Il ne peut être mis en accusation que par l’Assemblée Nationale statuant par un vote au scrutin public et à la majorité absolue de ses membres ; il est jugé par la Haute Cour de Justice ».
Ainsi donc, la responsabilité du Président de la République ne peut se concevoir qu’à travers une procédure judiciaire à caractère exceptionnel, et devant un organe constitué à cet effet, précisément la Haute Cour de Justice, présentée comme étant le juge naturel du Président de la République.
Il faudra bien que l’on se résigne à faire une distinction entre le gouvernement et le Président de la République dans un régime constitutionnel dont le caractère présidentiel est suffisamment mis en évidence par sa loi fondamentale, comme il faudra se résigner à l’idée que le mécanisme de la mise en mouvement de la responsabilité du gouvernement et celui de la mise en cause de celle du Président de la République ne sont ni identiques, ni comparables ; on ne devrait donc pas prendre l’un pour l’autre, ni confondre l’un avec l’autre ; tout cela est clairement exposé dans la constitution, pour qui veut prendre un peu de son temps, afin de la parcourir à travers une lecture posée.

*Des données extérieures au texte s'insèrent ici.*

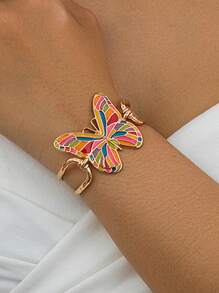 Designer Fashion Vintage Colorful Enamel Butterfly Decorated Pendant, Bracelet, Ring, Earring, Arm Band Jewelry Set, Suitable For Women Beach Vacation Wear, Excellent Gift Choice For Festivals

Non seulement, le Président de la République bénéficie d’un privilège de juridiction, ce qui veut dire que sa responsabilité, faut-il le répéter encore et encore, ne peut être mise en cause que devant la Haute Cour de Justice, mais en outre, pour être complet sur ce sujet, le seul motif susceptible de fonder cette responsabilité, c’est celui de la haute trahison.
La haute trahison a été envisagée à un certain moment de l’instruction initiée par la commission d’enquête parlementaire , quand on a enfin compris que c’était la seule hypothèse envisageable pour mettre en cause la responsabilité de l’ancien Président de la République Mohamed Ould Abdel Aziz, puis on s’est très vite ravisé, après avoir acquis la conviction que les faits rapportés à ce sujet relevaient de la fabulation, d’une intention manifeste de nuire, de soustraire l’ancien président à son juge naturel, plutôt que d’une volonté sincère de recherche de la vérité.
Notre texte fondateur, eu égard à la responsabilité du Président de la République est identique à celui de la constitution française de 1958, faut-il le préciser, dont il reproduit textuellement l’article 68, repris tel quel dans l’article 93 de la constitution mauritanienne ; puis lorsqu’en France, on a voulu en 2007, modifier le régime de la responsabilité du Président de la République, on y a procédé, en accord avec le respect du principe du parallélisme des formes, par la voie d’une révision constitutionnelle, en modifiant les dispositions du titre IX devenue « La Haute Cour » en lieu et place de la « Haute Cour de Justice », prévoyant au visa de l’article 67 que le Président de la République ne peut désormais faire l’objet d’une quelconque poursuite durant son mandat, sauf qu’à l’expiration de celui-ci, les instances et procédures auxquelles il est ainsi fait obstacle peuvent être engagées ou poursuivies à son encontre, à l’expiration d’un délai d’un mois suivant la cessation de ses fonctions, puis l’article 68 de préciser un autre mode de mise en cause de la responsabilité du Président qu’est la destitution, et qui donc s’opère lorsqu’il y a un manquement grave manifestement incompatible avec l’exercice du mandat présidentiel, et dans ce cas, la destitution est prononcée par le parlement constitué en Haute Cour ; il va de soi que cette dernière procédure n’est applicable que durant la mandature, car on ne peut destituer un président qui n’est plus en place.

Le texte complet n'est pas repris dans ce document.